/---

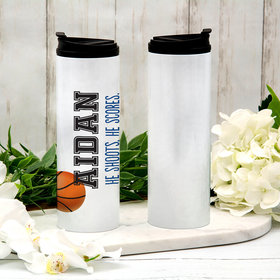 Personalized 16oz Stainless Steel Thermal Tumbler- Basketball
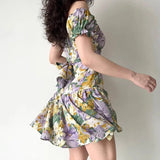 ADVBRIDGE  -  French Retro Oil Painting Dress Summer Women's Clothing 2025 New Floral Printed A-line Ruffles Mini Dresses Lace-up Vestidos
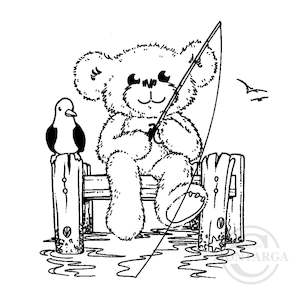 0731 G - Fishing Teddy Rubber Stamp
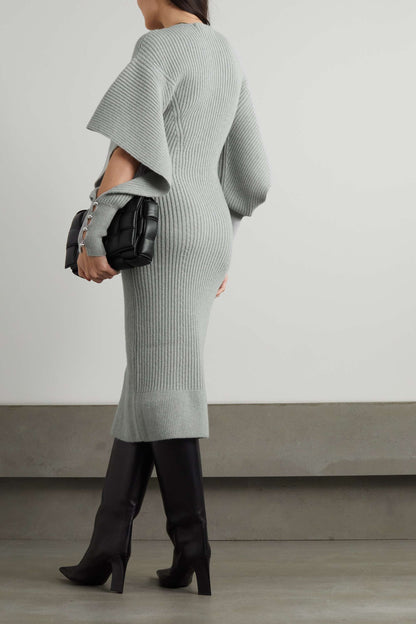 Cut-Out Long Sleeve V-Neck Knit Midi Dress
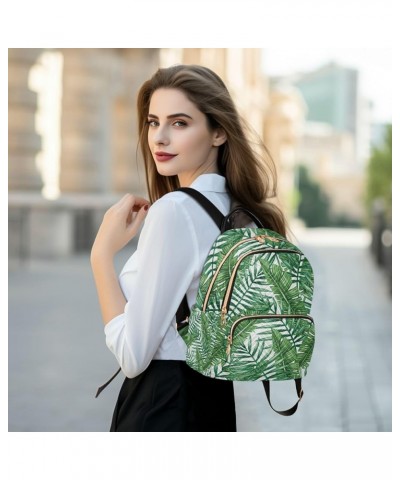 Women Backpack Palm Leaves Anti-Theft Travel Backpack with Luggage Belt Lightweight Handbag Lady Purse Roomy Double Zipper We...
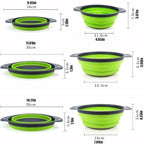 Collapsible Colander Set of 3 Round Silicone Kitchen Strainer Set 1 pcs 7 Quart, 1 pcs 4 Quart,1 pcs 2 Quart Perfect for Draining Pasta, Vegetable and fruit for Kitchen and Travel Use (Round)
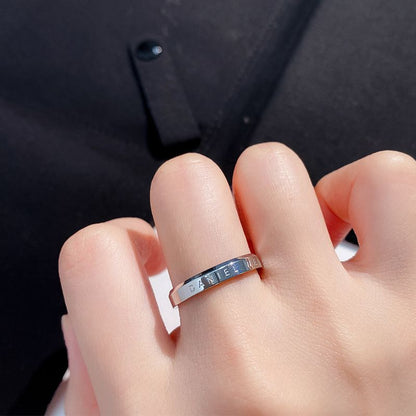 「チタンスチール 色落ちしない ローズゴールド セラミック撞色 アルファベット 親友リング カップルペアリング インスタ風」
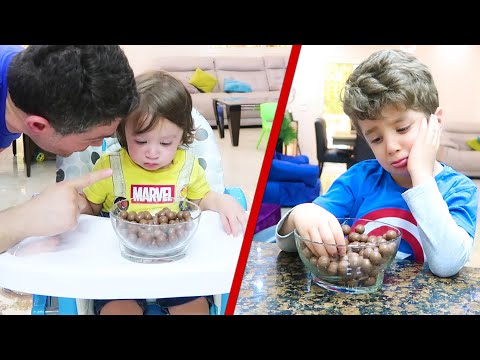 ممنوع تاكل الحلاوة حتى ارجع اختبار صبر البيبي 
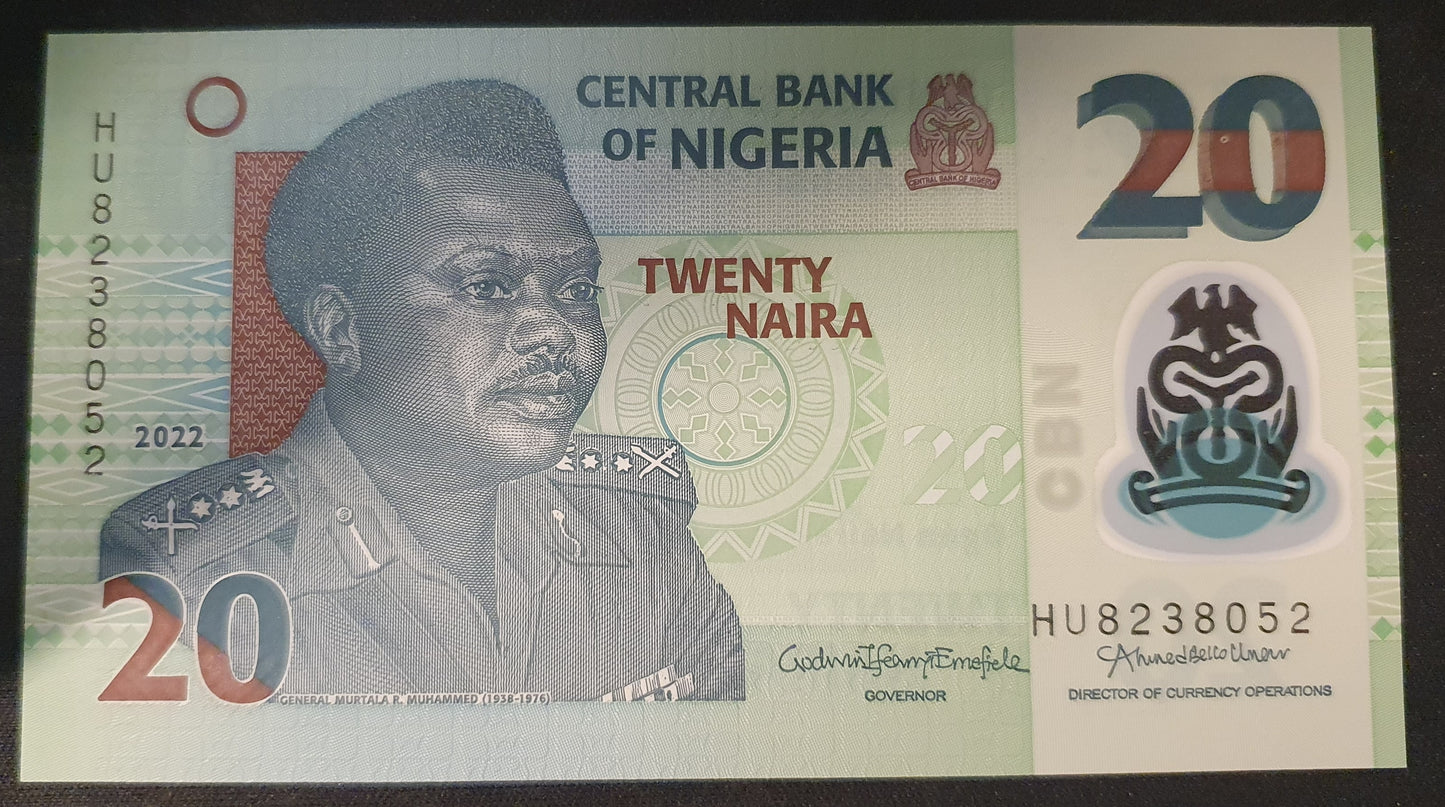 Nigeria 20 Naira 2022 Biljet UNC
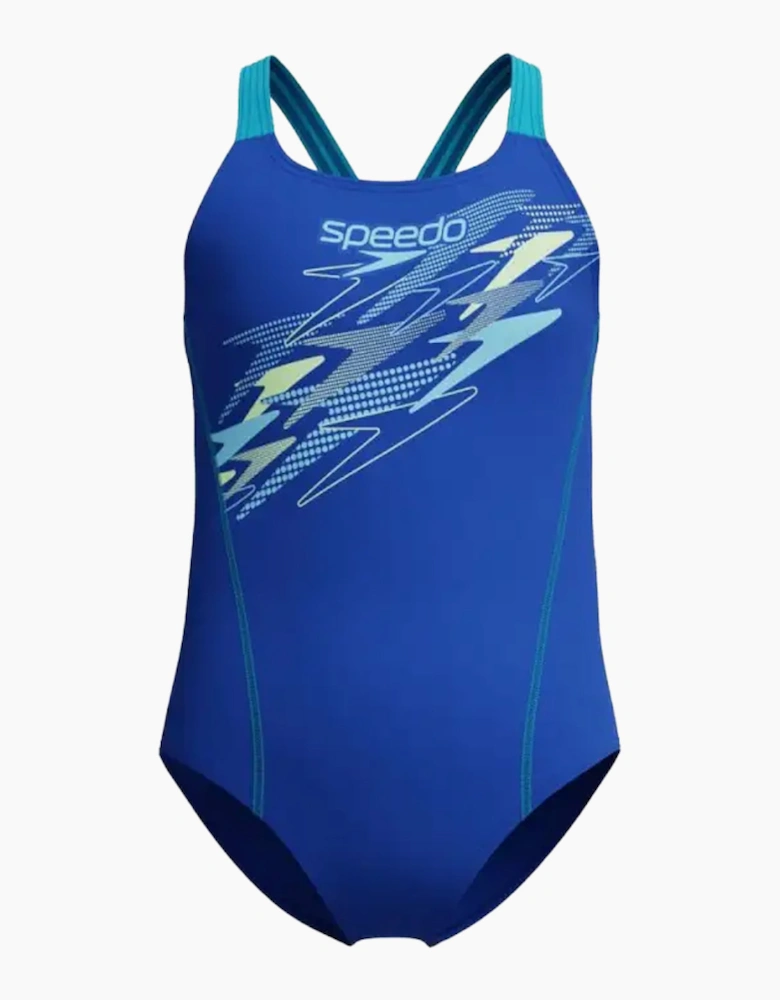 Speedo Girls Medalist Logo One Piece Swimsuit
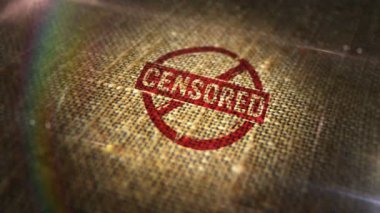 Doğal keten çuvalında sansürlenmiş işaret damgası. Yetişkinler için sınırlandırılmış sadece 3 boyutlu tasarım soyut kavram. Döngülü ve pürüzsüz.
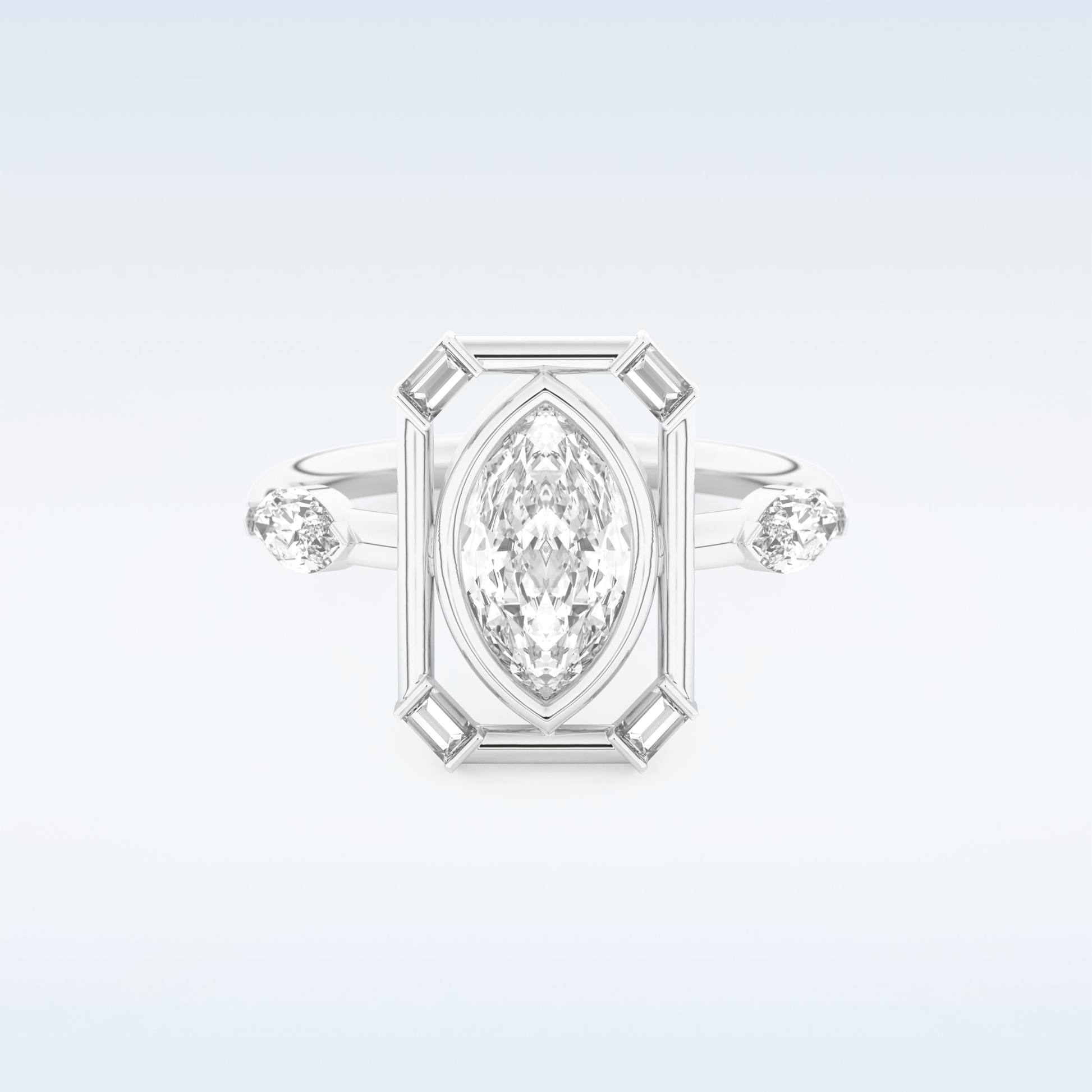 0.88 CT Bezel & Dainty Engagement Ring Featuring Marquise Moissanite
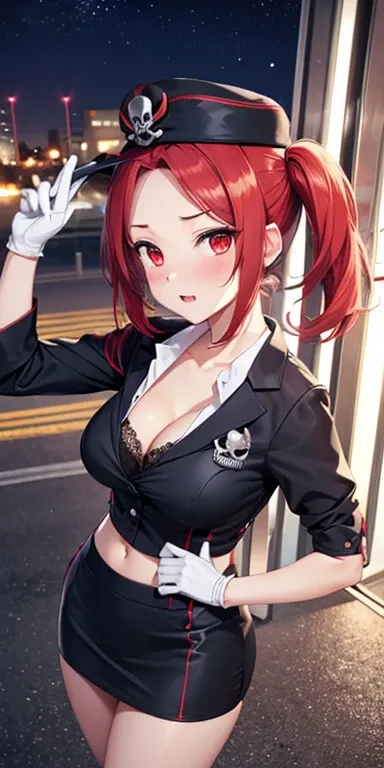  1 female, high definition, High resolution ,  ultra-realistic  ,8K,1 girl, Alone ,  red hair,  red eyes,   twin tails,  employee uniform, Pencil skirt,  Skull print , Navy cap, fang, black clothing for the legs,  white gloves,European,sexy, Close-up of th...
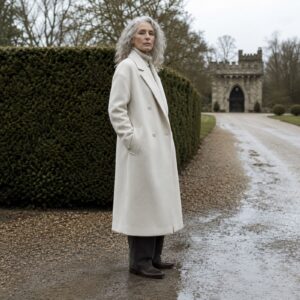 MASO Ashcombe double-breasted long coat (Wool Long Coats) — worn, front.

\---

From the listing above, please give again the lines that begin with the line holding "Women Backpack Palm" and go on through the line holding "0.88 CT Bezel", exactly, both ends included, minus any picture.

ANSWER SPACE -
 Women Backpack Palm Leaves Anti-Theft Travel Backpack with Luggage Belt Lightweight Handbag Lady Purse Roomy Double Zipper We...
 Collapsible Colander Set of 3 Round Silicone Kitchen Strainer Set 1 pcs 7 Quart, 1 pcs 4 Quart,1 pcs 2 Quart Perfect for Draining Pasta, Vegetable and fruit for Kitchen and Travel Use (Round)
 「チタンスチール 色落ちしない ローズゴールド セラミック撞色 アルファベット 親友リング カップルペアリング インスタ風」
 ممنوع تاكل الحلاوة حتى ارجع اختبار صبر البيبي 
 Nigeria 20 Naira 2022 Biljet UNC
 Speedo Girls Medalist Logo One Piece Swimsuit
 Doğal keten çuvalında sansürlenmiş işaret damgası. Yetişkinler için sınırlandırılmış sadece 3 boyutlu tasarım soyut kavram. Döngülü ve pürüzsüz.
 0.88 CT Bezel & Dainty Engagement Ring Featuring Marquise Moissanite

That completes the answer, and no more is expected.